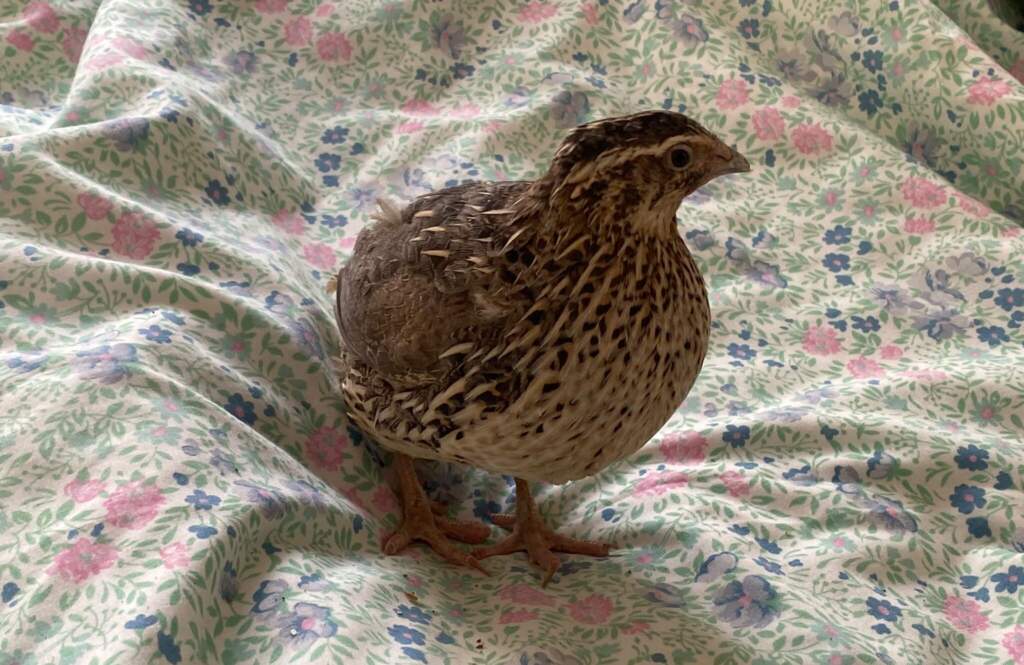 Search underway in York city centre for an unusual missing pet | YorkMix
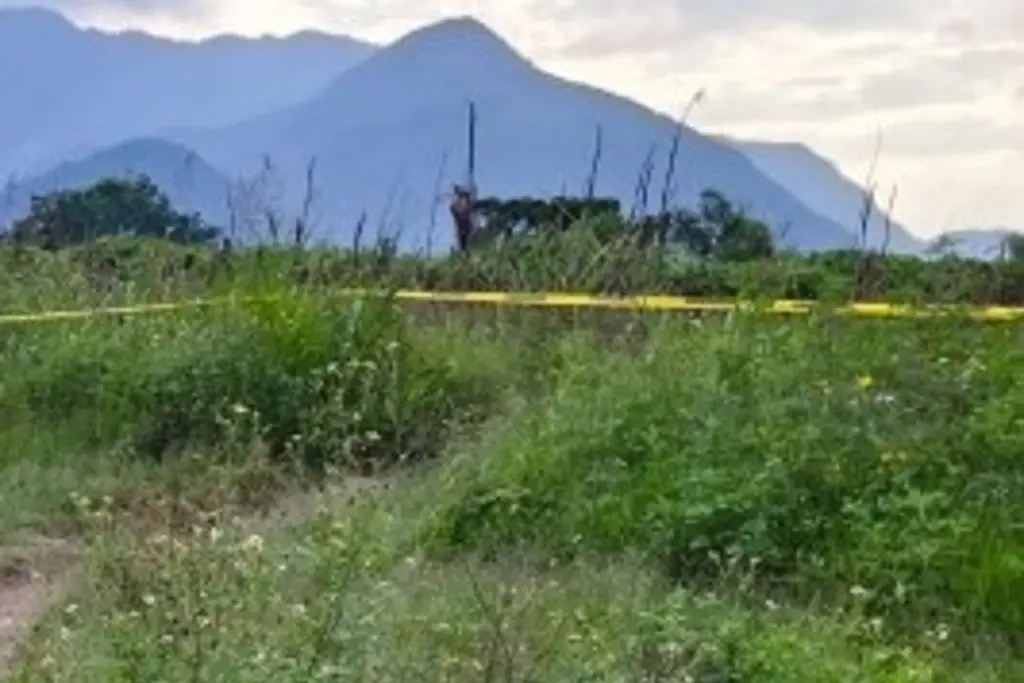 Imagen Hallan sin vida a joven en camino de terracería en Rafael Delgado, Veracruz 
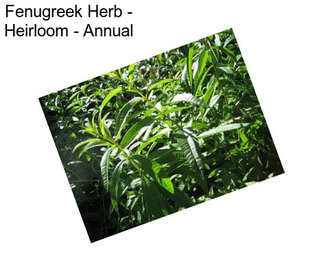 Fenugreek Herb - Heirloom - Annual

==

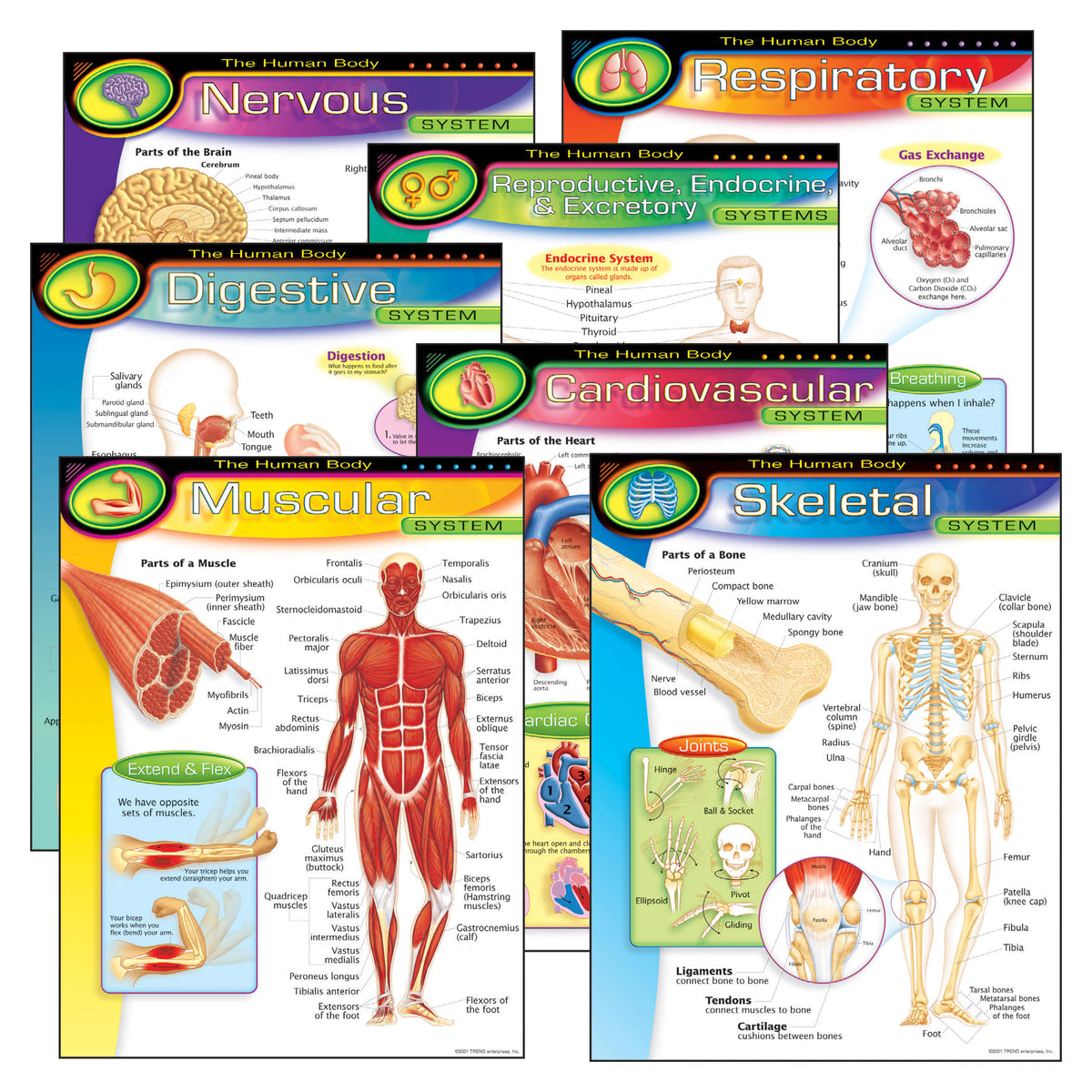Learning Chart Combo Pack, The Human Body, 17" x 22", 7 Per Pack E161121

==

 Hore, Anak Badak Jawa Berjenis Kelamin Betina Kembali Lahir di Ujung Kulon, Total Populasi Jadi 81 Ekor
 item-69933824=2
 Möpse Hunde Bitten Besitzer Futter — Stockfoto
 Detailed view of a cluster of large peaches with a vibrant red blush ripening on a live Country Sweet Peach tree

## Assignment
From the listing above, please give again the lines that begin with the line holding "Search underway in" and go on through the line holding "Fenugreek Herb - Heirloom - Annual", exactly, both ends included, minus any picture.

## Result of the task
 Search underway in York city centre for an unusual missing pet | YorkMix
 Imagen Hallan sin vida a joven en camino de terracería en Rafael Delgado, Veracruz 
 Fenugreek Herb - Heirloom - Annual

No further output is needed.